A mid-tier artist can make tens of thousands of dollars for a single festival appearance. Plus, there’s often a nice hotel on site; there’s media buzz created by all the artists who are performing; and the festival does its own promotion and ticket sales, so the artist doesn’t have to work as hard to fill the seats.
Kettles says festivals are what you put up on the calendar first as anchor dates.
“Anchor dates can also be big cities like New York, Washington, Chicago, Dallas,” says Kettles. “And then you fill in with the Davenports, Toledos, Daytons — whatever.”
Kettles and other band-tour-planners say those in-between venues should be a manageable drive from each other, and most artists want a day off after they’ve performed several days in a row. Picking specific concert halls or clubs that have a history of drawing for the specific artist or for her/his genre of music is a plus. So is having some fans in the area that the artist can try to bring in through social media.
Still, says Kettles, dates between anchor performances can still be duds. Certain nights — like Tuesday and Wednesday — can be particularly hard to draw a big crowd.
“Playing for 50 people? Oh, yeah,” says Kettles, “you always end up playing for the sound man, the bartender and the waitress at one point. And it is sort of disheartening.”
The way tour dates are typically arranged, the venue offers the band a base payment, called the “guarantee.” It can range from a few hundred dollars to thousands or tens of thousands, depending on the size of the venue and the fame of the artist. The artist then often receives a percentage of ticket sales in addition to the guarantee, once the venue has taken a set cut for its expenses and profit.
The soul artist D'Angelo and his band The Vanguard is on a very successful world tour this summer, and played to a 1,500-person sold-out crowd in Portland, Oregon, in August before continuing on to Seattle and Japan. Tour manager Tina Farris says festivals are good, easy money, but it's the smaller cities and venues the artist plays in between that can make or break a tour.
“You do smaller shows to fill in those days off so you can keep your same staff on tour, otherwise you’re just spending money and not getting anything back," says Farris. “And keeping the smaller shows going is what keeps the mystique about the artist. The festivals are fun and everybody gets to party, but I prefer D’Angelo any day in a 1,500-seat room than a giant festival.” And she says with the decline in recorded music sales, touring is no longer optional for artists. “Everybody has to come out and tour to make money. That’s why you see the resurgence of the Eagles, they’re finally doing it, the 'last tour.' George Clinton’s going to do the 'last tour.'”
“It’s the crunch on the middle class,” Johnson says, “it’s hard for bands to make ends meet.” He says a sparsely-sold show may not pay the band enough to cover gas for the tour vans, food, hotel rooms and the crew.
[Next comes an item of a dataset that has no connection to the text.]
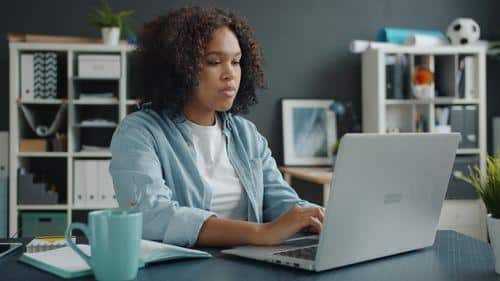 Woman sitting at her desk working remotely from home while using a laptop in a home office.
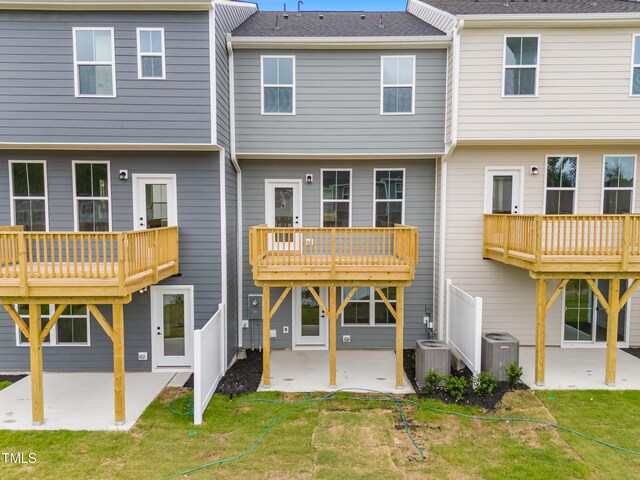609 Silverado Sunset Loop, Wendell, NC 27591 - back of property with a patio area, cooling unit, and a yard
That’s why bands just starting out sometimes try to stay with friends or fans along the way.
Johnson says a band that’s invited to open for a big act on tour might be paid as little as $250 or $300 dollars per gig. Still, the tour could be worth it — to help the opening band build buzz, sell merchandise and get people who hear them live to pay to download their music later.
He knows of one up-and-coming bluegrass-Americana band, he says, that “got an opportunity to open up on a national tour for one of the heaviest hitters in bluegrass-Americana. That tour has opened up all of the East Coast markets to them, it was undoubtedly the best plan. But they lost at least $8,000 to $10,000 in a month.”
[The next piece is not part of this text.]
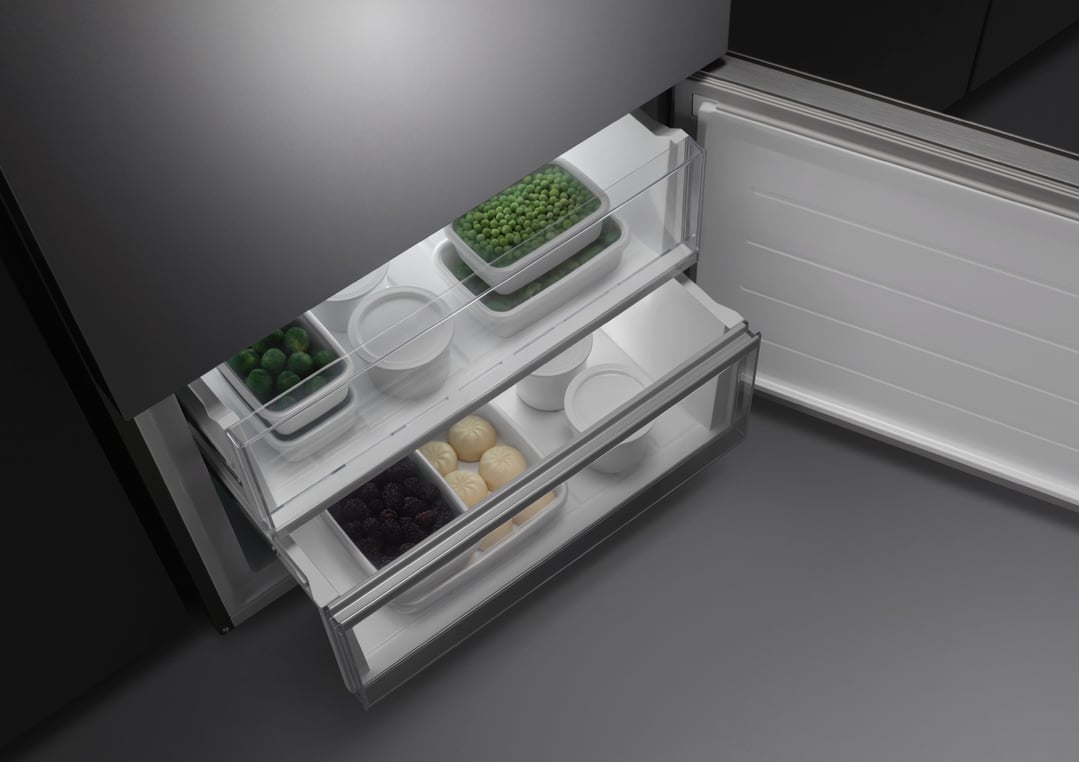 Open bottom freezer drawer of a fridge with food containers inside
Our conclusion: Where a band stops on a tour is about the money — especially when the artist can line up several lucrative festivals that don’t require much additional marketing and expense on the artist’s part. But money isn’t the only consideration in tour planning. Bands may chose to fill in a tour calendar with venues that aren’t guaranteed to pay top dollar, but can provide exposure, new fans, media and social media buzz.